Obverse, square, decrement/increment are 
useful in their own right, judged according to
Section 1 of "Notation as a Tool of Thought"
http://www.jsoftware.com/papers/tot.htm
(i.e. ease of expressing constructs arising
in problems, suggestivity, subordination of
detail, economy, and amenability to formal proofs.)

- Regarding @: , @, etc.:  In conventional math 
notation, the composition of monads is written 
f0 jot f1 jot f2 jot f3 ...,
and you can make a case for juxtaposition to denote 
composition:  (f0 f1 f2 f3 ... )  In J (and APL), 
when dyads are involved, there are several possibilities 
for composition, and different symbols were invented 
for them:

   x f...@g y  <->  f (x g y)
   x f&g y  <->  (g x) f (g y)
   x f&.g y <->  g^:_1 (g x) f (g y)

See Ken's seminal 1978 paper "Operator and Functions"
http://www.jsoftware.com/papers/opfns.htm#8

If juxtaposition denotes composition, a choice
would have to be made as to which composition
is denoted.  The Jwiki essay
http://www.jsoftware.com/jwiki/Essays/Hook_Conjunction%3F
has a brief discussion of this.

Regarding why there is v1@:v2@:v3 instead of 
(v1 (v2 v3)), there is no document that tells
you the reason, but the answer is "obvious".
Which of the following is preferrable?

v1 @: v2 @: v3 @: v4 @: v5 @: v6 @: v7
(v1 (v2 (v3 (v4 (v5 (v6 v7)))))

A less obvious reason is that having a symbol
for something makes it easier to talk about
(to reason about, to manipulate, etc.) that thing.

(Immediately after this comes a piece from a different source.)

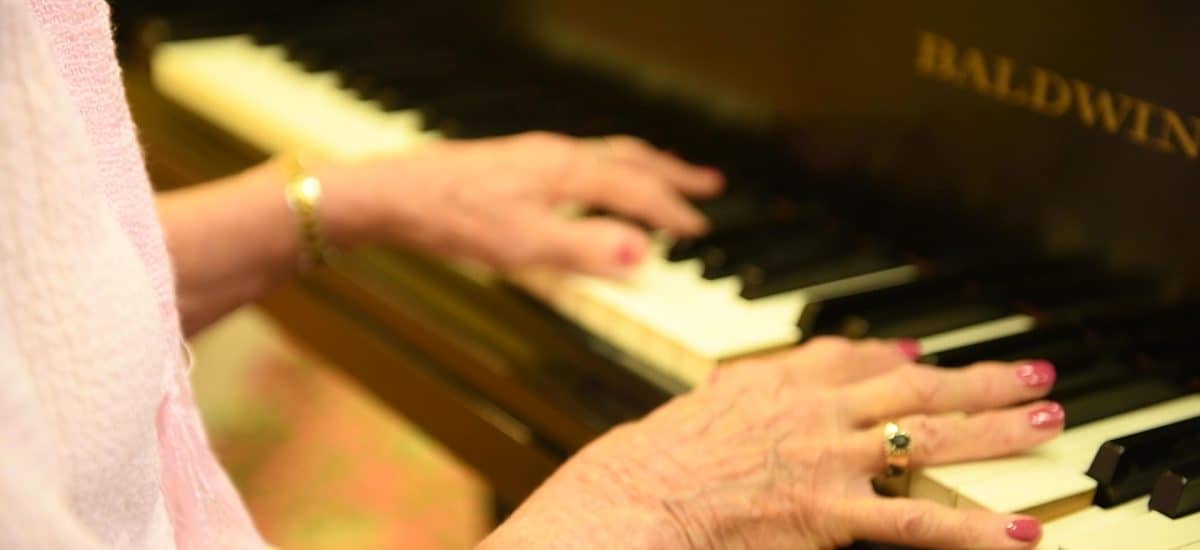 Elderly woman playing the piano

----- Original Message -----
From: Don Watson <[email protected]>
Date: Wednesday, April 29, 2009 12:28
Subject: Re: [Jchat] Language S
To: Chat forum <[email protected]>

>     Computer languages and Mathematics tend to 
> generate parentheses. Too 
> many can be confusing. The entities that cause them in a right 
> to left 
> language are dyadic nouns. Explict J has some clever ways of 
> avoiding dyadic 
> verbs and parentheses - like obverse, square, decrement and increment.
> 
>     in tacit J,"@:" seems a way of avoiding 
> parentheses. Couldn't the 
> phrase:
> 
>    V1 @: V2 @: V3, instead be written:
> 
>     (V1 ( V2 V3))
> 
>     If so, I would understand better if the 
> document told me the real reason 
> why I need to use: "@:".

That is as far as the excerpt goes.